As you may know if you’ve heard the show, I’m a self-confessed technophobe, especially when it comes to radio shows.  It’s not so much all the buttons that scare me, it’s the fact that I am so rubbish at preparing for it.  You see, Jack normally produces the running order for the show, he researches the news, events in history, famous birthdays and our “And Finally” story and song.  While it may sound like I’m not doing anything to prepare, I’m in charge of getting guests for the show, which does take time when most of them are based on the opposite side of the Atlantic and live in different time zones.  While he’s been away, I’ve had to do all this, as well as drive the desk.  Which would be fine if I was more organised and better prepared, but sadly, this has never been one of my best fortes at the best of times.  In this current state of 30-crisis, I’m even worse at preparing things yet very good at panicking when things go wrong.  On today’s show, they frequently did.  Much like they did last week.  I had problems transferring our phone interviewee, the lovely Jessica Latshaw, to the desk and thus had to figure out another song to play, while trying to keep talking on air, I played songs when they shouldn’t have played and didn’t play songs when they should have played.

The same thing happened to me last week.  And the last time I drove the desk.  I’m not sure what it is about me, but I’m don’t seem to be able to run a smooth radio show.  I guess it’s much like my life.  I could do a better job, if I was better prepared and if I keep calm, But right now I’m not capable of being any more organised I’m afraid.

You may ask why I would want to humiliate myself on the air every week?  Like a glutton for punishment, I keep going back for more.  But you know what?  I don’t mind.  I don’t care if people laugh at me and say I’m a rubbish radio host.  If they sit at home listening and cringing at how badly things are going.   Because I’m willing to put myself out there.  To make mistakes, in front of people, recorded for all to hear.  There was a time, when I was in my teens, when I would have dreaded being humiliated, been haunted by it after reliving it over and over again.  But I know I’m not radio DJ material.  I’m happy to hold my hands up to that.  But doing radio means that I get to have fun, talk to great people on air, and make contacts in the world of media and publishing.

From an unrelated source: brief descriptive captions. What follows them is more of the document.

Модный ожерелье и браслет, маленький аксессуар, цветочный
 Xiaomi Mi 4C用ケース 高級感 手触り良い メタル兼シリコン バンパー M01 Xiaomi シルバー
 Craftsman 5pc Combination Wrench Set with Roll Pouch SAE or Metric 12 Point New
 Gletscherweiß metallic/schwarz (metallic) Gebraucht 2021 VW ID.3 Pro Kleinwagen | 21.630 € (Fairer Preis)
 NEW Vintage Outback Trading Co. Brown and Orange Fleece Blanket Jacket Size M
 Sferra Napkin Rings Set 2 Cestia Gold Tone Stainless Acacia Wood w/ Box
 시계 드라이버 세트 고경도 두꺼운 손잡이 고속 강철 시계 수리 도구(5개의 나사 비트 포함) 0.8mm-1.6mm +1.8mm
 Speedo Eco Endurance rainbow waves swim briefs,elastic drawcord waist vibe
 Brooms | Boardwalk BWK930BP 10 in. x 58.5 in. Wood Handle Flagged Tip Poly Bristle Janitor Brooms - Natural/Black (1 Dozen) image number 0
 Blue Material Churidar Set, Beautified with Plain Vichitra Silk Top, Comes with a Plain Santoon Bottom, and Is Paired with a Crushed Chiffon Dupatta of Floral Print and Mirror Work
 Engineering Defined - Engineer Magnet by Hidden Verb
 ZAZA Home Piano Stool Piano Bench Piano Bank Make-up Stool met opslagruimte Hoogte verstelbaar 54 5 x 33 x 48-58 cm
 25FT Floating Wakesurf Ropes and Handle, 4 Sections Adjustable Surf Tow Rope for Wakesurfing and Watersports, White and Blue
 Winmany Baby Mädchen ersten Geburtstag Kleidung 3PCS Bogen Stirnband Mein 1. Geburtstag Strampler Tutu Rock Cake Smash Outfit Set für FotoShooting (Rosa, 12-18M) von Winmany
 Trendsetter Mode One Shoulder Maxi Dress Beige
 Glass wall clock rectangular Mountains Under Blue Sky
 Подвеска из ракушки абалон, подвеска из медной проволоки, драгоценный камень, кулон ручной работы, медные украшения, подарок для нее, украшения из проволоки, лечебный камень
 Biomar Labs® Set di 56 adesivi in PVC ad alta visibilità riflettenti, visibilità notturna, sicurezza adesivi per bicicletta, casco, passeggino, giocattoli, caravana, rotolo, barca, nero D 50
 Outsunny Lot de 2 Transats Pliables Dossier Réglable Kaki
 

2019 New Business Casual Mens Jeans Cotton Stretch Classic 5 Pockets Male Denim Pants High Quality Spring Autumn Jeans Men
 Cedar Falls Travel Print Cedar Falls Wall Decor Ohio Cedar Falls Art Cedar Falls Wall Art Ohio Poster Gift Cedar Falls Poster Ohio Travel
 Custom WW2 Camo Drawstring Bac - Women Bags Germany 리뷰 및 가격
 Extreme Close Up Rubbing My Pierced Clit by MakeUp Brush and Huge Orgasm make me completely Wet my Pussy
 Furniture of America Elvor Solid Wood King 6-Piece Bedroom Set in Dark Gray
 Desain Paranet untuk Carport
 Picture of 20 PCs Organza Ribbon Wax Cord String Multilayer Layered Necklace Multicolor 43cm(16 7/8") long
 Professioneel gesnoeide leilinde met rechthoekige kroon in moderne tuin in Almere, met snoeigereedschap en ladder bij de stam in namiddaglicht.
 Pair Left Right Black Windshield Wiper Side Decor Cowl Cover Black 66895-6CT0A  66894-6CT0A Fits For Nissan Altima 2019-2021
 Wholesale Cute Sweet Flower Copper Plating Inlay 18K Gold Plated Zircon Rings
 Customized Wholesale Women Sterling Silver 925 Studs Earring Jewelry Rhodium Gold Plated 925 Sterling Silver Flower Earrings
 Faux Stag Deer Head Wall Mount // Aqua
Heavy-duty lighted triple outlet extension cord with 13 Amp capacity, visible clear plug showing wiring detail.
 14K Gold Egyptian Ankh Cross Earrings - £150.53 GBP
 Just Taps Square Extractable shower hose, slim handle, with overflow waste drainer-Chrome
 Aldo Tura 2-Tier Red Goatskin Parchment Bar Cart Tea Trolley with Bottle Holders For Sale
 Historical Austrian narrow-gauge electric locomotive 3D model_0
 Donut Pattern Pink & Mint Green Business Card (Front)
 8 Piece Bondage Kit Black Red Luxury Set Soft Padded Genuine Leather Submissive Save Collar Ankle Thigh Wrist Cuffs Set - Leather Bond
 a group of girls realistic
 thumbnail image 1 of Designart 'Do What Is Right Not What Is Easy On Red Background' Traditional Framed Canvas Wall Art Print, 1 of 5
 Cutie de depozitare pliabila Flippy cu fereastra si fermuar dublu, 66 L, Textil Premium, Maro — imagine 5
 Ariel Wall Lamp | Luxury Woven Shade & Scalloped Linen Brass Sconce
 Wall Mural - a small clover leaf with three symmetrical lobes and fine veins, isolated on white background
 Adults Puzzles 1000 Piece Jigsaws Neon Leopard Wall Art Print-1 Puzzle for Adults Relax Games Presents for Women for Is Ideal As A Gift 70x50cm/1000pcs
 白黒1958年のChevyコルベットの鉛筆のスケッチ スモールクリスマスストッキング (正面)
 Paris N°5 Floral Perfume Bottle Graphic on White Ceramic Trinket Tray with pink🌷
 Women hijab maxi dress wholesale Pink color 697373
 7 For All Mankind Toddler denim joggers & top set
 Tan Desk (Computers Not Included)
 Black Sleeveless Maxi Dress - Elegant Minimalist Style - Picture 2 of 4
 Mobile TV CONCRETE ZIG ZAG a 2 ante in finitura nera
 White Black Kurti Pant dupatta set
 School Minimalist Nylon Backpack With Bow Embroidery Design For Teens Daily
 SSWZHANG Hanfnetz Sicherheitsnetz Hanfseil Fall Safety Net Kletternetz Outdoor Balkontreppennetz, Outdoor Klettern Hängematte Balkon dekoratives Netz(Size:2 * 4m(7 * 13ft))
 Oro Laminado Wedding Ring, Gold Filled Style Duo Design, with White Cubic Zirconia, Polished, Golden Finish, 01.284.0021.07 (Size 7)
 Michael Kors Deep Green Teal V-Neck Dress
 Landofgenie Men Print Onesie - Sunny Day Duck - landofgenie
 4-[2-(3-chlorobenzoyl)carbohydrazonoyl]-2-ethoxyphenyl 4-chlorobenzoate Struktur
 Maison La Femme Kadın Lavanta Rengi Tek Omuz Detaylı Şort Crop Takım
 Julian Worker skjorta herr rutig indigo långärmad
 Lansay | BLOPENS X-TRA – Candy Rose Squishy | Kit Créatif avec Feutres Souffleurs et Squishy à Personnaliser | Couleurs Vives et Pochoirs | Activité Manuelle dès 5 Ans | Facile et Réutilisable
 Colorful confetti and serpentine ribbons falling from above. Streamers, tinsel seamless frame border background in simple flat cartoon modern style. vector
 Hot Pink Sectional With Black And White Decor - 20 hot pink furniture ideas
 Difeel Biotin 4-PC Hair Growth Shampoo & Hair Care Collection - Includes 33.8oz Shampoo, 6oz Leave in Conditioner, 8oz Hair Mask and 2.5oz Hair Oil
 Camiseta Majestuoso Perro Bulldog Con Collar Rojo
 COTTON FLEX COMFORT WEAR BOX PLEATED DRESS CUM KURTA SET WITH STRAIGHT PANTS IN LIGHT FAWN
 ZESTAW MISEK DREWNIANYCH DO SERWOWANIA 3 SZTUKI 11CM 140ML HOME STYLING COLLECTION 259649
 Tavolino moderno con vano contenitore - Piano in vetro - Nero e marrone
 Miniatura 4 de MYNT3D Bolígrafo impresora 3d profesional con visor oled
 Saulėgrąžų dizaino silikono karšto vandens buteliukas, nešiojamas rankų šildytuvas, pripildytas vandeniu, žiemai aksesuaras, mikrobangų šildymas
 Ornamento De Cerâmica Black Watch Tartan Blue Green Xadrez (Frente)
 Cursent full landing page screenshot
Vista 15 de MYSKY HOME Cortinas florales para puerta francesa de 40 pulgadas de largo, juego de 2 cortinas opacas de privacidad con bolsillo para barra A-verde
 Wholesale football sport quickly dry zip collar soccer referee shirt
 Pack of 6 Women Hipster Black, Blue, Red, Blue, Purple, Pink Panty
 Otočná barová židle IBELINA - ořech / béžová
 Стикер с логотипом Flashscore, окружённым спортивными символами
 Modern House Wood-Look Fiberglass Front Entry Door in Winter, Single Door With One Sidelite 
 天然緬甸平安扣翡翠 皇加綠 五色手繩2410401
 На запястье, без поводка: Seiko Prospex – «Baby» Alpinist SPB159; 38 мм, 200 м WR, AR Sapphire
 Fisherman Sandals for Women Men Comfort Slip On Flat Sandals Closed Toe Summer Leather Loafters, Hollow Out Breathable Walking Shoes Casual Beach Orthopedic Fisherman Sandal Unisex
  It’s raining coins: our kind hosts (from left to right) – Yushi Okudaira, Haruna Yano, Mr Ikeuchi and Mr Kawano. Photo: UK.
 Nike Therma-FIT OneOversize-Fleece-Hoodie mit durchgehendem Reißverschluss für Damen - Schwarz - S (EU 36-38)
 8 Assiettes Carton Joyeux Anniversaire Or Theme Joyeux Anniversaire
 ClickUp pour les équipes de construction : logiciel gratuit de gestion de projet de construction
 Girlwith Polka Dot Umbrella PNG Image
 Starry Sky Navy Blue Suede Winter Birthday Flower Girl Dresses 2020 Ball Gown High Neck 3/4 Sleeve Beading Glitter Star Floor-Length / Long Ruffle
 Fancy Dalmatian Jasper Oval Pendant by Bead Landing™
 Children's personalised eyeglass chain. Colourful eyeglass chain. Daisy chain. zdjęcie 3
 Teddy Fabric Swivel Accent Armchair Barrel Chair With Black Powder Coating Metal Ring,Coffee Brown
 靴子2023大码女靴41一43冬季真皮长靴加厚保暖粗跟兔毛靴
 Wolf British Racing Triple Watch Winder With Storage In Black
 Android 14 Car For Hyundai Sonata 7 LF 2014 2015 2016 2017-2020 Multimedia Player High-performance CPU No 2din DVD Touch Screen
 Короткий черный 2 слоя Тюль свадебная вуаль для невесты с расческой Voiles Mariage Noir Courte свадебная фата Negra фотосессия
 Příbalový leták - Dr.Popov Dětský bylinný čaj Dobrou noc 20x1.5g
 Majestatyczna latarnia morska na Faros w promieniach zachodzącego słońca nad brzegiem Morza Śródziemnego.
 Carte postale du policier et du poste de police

I’m going to close this post now.  It’s been really hard to write.  I started at around 7:25pm and it’s taken me an hour and a half just to write this.  As so often happens with my writing these days, I start but then I don’t feel happy with what I’ve written, and start over.  But I glanced at the drafts I had started since the last time I wrote a blog.  There were about 4.  All started with the same inspiration and intention, but never finished.  So, like the first blog post I ever wrote, I’m going to post this, right now, before I lose my motivation to post this.  It may not be the best blog post in the world, but it IS a blog post.  And whether anyone reads it or not, I’m writing it, and that’s the important thing.